FRBが市場に政策意図を伝え、市場の期待に影響を与えようとする場合には、米連邦公開市場委員会(FOMC)の声明文、FRB議長の記者会見、議会証言、講演会といった機会を利用するのが普通であり、今回のような緊急声明文を出すのは異例のことだ。今回は、他の機会を利用する時間的猶予がなかったのである。
さらに、合議制のもとでは、パウエル議長による単独の判断だけではこうした声明文は出すことはできない。それが出たということは、緊急の電話会議でFOMCメンバーの多数がそれに賛成したことを意味するだろう。連日の株価大幅下落は、追加緩和に慎重だったFOMCメンバー内での意見を一変させたのである。
金融市場は3月の金融緩和を完全に織り込んだ
上記の緊急声明文では、最後のセンテンスが最も重要だ。「経済を支えるために適切に行動する(act as appropriate to support the economy)」との表現は、昨年7月にFRBが追加緩和策を実施する前の回の6月FOMCの声明文で使われた、「景気拡大を支えるために適切に行動する(will act as appropriate to sustain the expansion)」という表現に意識して似せたものだろう。
この表現を通じて、追加緩和の実施を明確に示唆した、との言質はとられないように配慮しながらも、市場にはいわば暗号あるいは判じ物のように、明確に金融緩和の意図を伝えるという、非常に巧妙な戦略がとられた。
28日の米国市場はこうしたFRBの意図を汲み取り、追加緩和期待を一気に高めた。FF(フェデラルファンズ)金先市場では、次回3月のFOMCで、0.25%の政策金利引下げが実施される可能性を100%、また0.5%の引き下げが実施される可能性も部分的に織り込まれている。3月の政策金利引下げ実施は未だ確定ではないが、可能性は相応に高まったのではないか。28日の米国株価も、FRBの緊急声明文の発表を受けて、引け際にかけては値を戻した。

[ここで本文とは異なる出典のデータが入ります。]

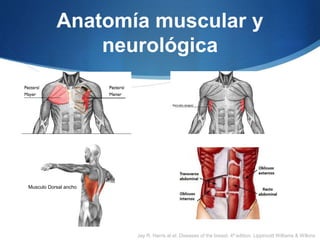 Anatomía muscular y
neurológica
Musculo Dorsal ancho
Jay R. Harris at el. Diseases of the breast, 4ª edition, Lippincott W...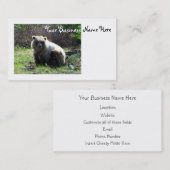 CGB molliger Grizzlybär Visitenkarte (Vorne/Hinten)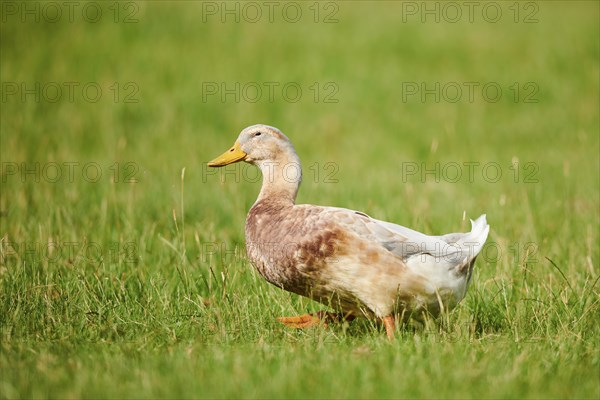 Domestic duck (Anas platyrhynchos domesticus) walking on a meadow, Wildpark Aurach Kitzbühel,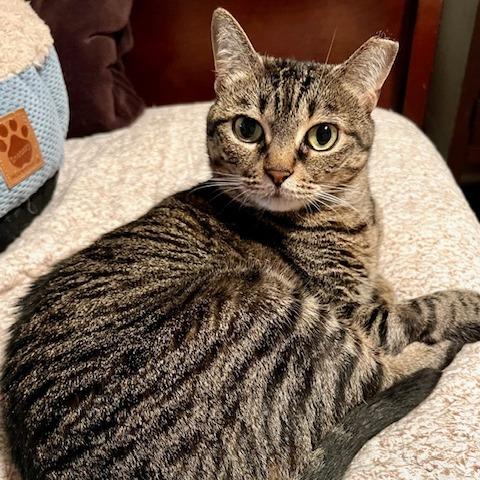 Freya, a Adoptable mixed breed in Houston, TX image 3/6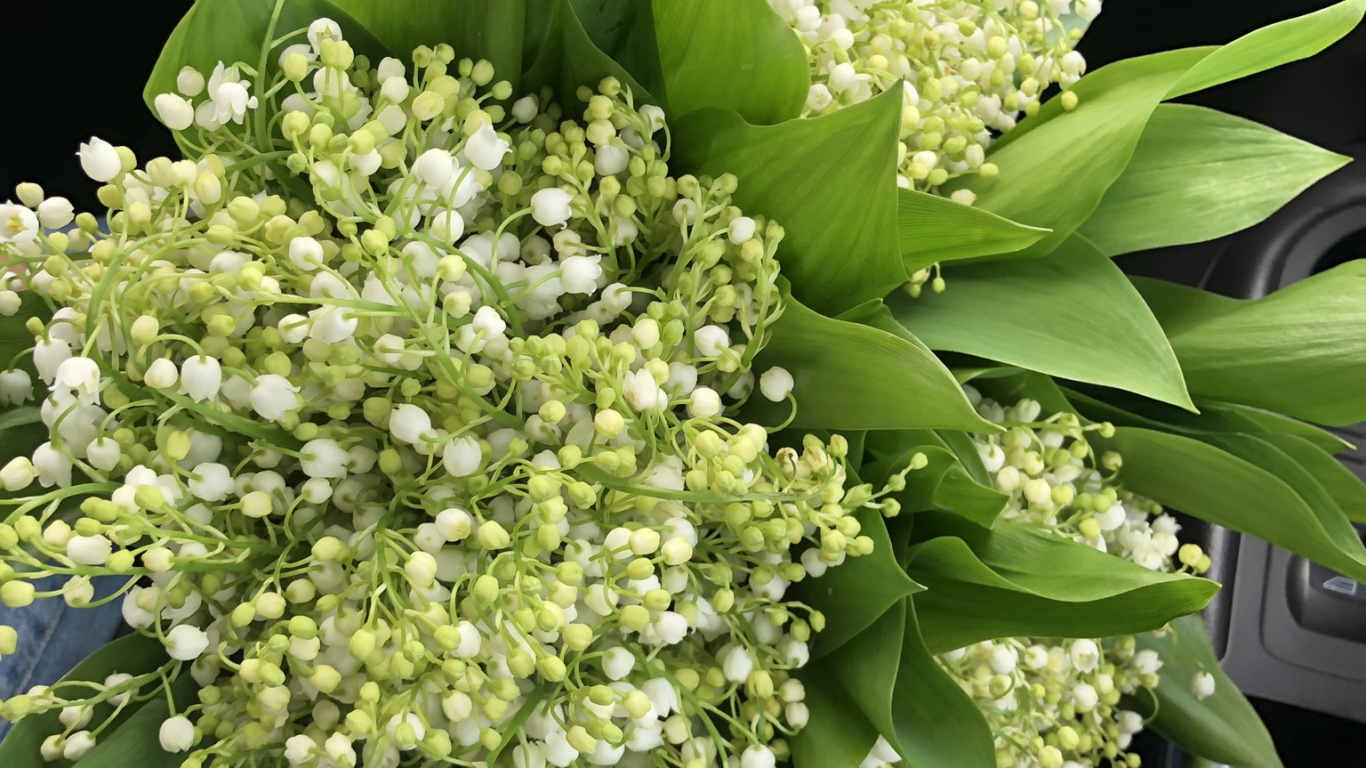 Обои цветочный букет, цветочный дизайн, цветок, цветковое растение, букет в разрешении 1366x768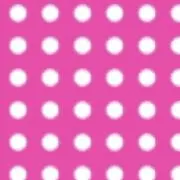 ʕ•ᴥ•ʔ＊の画像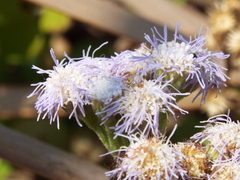 Ageratum microcephalum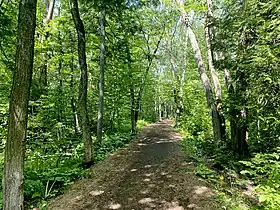 Image illustrative de l’article Boisés de la Pointe-de-Sainte-Foy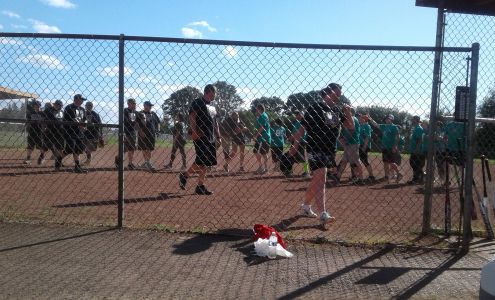 Prairie Field Brush Prairie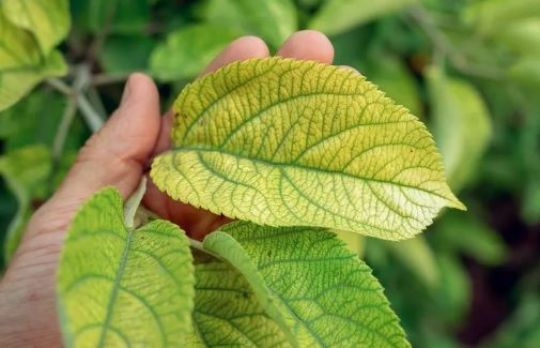 De ce se ingalbenesc plantele de exterior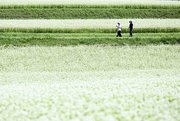 一面に白い花が咲き誇るソバ畑＝２２日午前１０時３８分、中津川市坂下、椛の湖自然公園（撮影・堀尚人）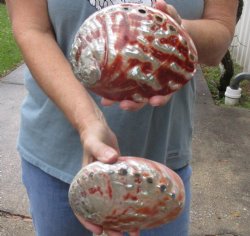 Two piece lot of 6 inch Polished Red Abalone shells buy these colorful shells for- $40/lot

新型肺炎の影響よりも金融市場の調整がずっと大きなリスク
現在の米国経済、そして世界経済には、深刻な過剰設備、過剰在庫などの大きなひずみはないように見える。低インフレ環境の下、そうした過剰が蓄積しにくい体質へと、経済は構造変化を遂げてきたのではないか。

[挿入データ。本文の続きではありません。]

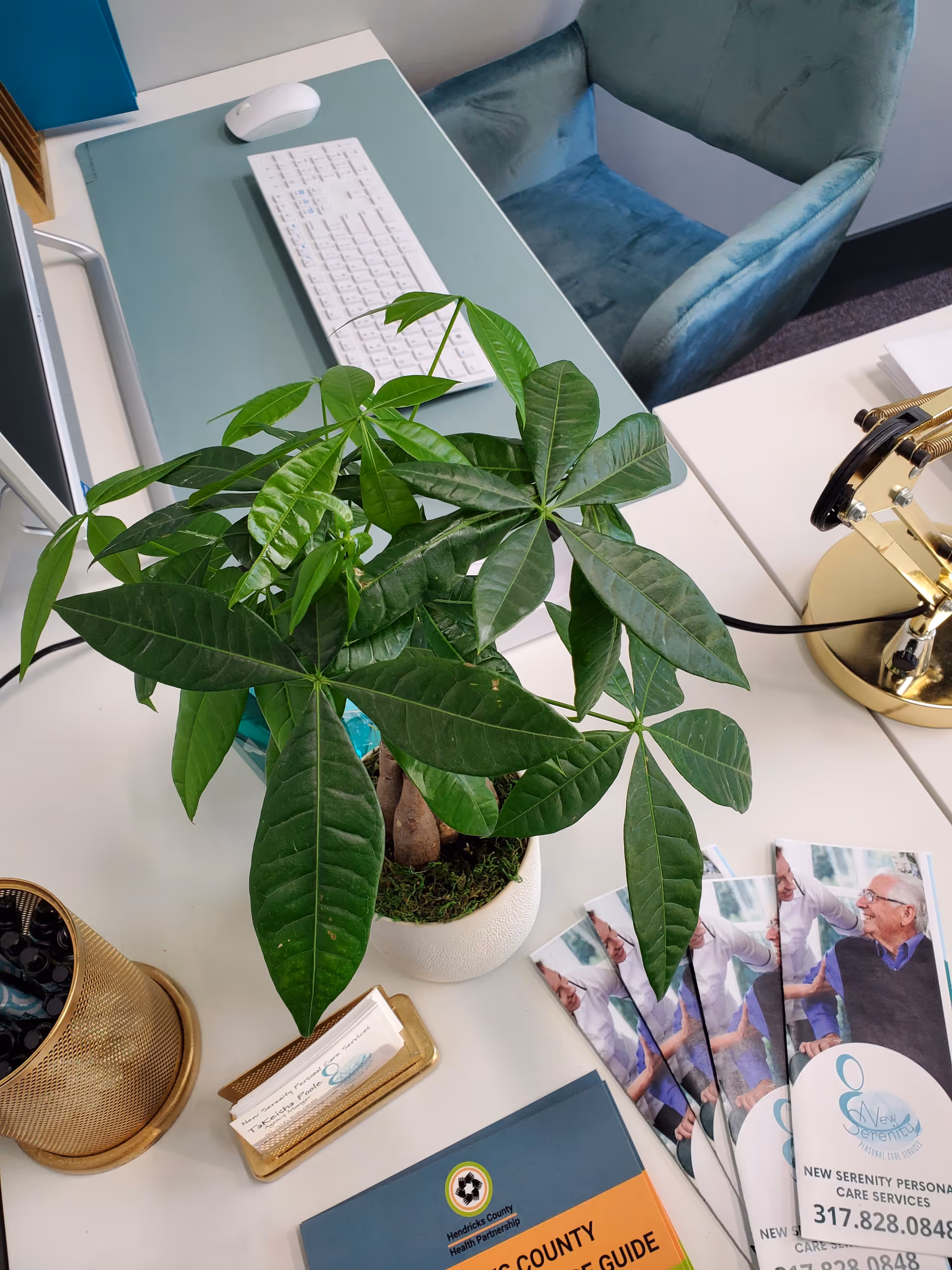 Office desk with green plant, keyboard, mouse, brochures, and a blue chair in an interior.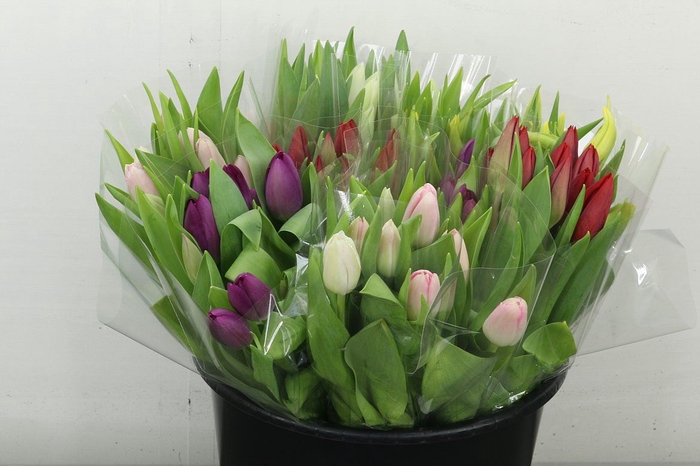 <h4>Bq Mono Tulips Mix Bucket (x10)</h4>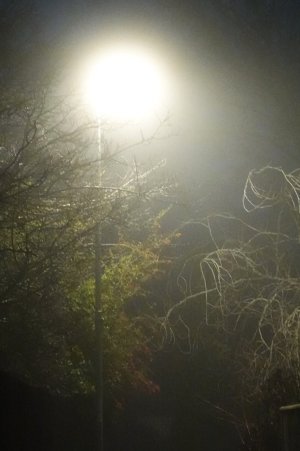 DSC03428.JPG DSC03428.JPG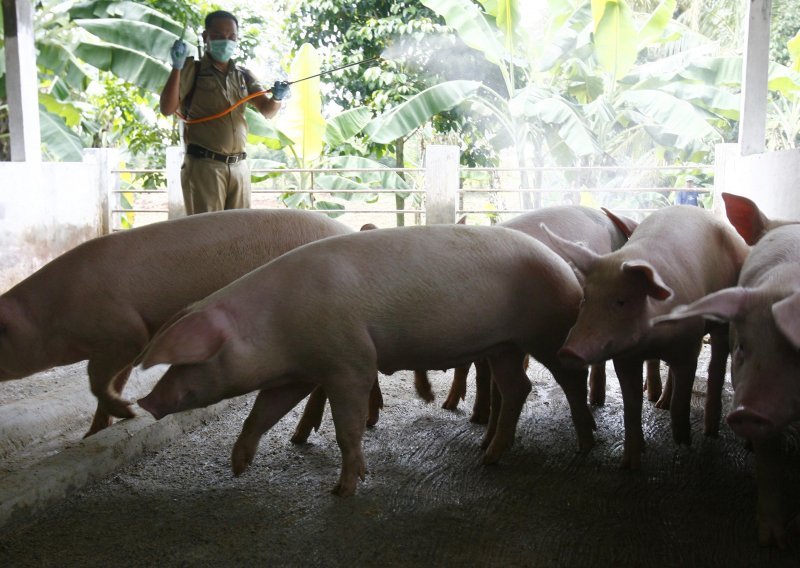 Novi skandal u Kini - lažno brašno iz svinjca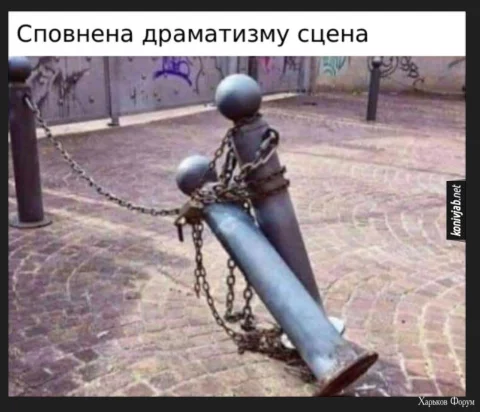 1702833542440.webp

しかし、そうした環境の下では逆に、行き過ぎた金利低下など、金融市場には過熱感、ひずみが蓄積されてきたと見られる。新型肺炎が世界経済に与える直接的な悪影響は一時的であり、それほど深刻なものではないかもしれない。しかしそれをきっかけにして、社債市場、株式市場が大きく崩れるなど、金融市場の本格的な調整が誘発されることになれば、世界経済への打撃は相当深刻になるだろう。世界経済にとって、新型肺炎の直接的な影響よりも、金融市場の大幅な調整の方がずっと大きなリスクなのである。
そのため、FRBが金融市場の安定に強く配慮する姿勢を見せたのは、正しいだろう。市場の緩和期待に応えることで、金融政策が市場に支配される状況になってしまうリスクは確かにある。また、追加緩和によって金融市場のひずみ、不均衡を一段と拡大させてしまうリスクにも配慮しなくてはならないだろう。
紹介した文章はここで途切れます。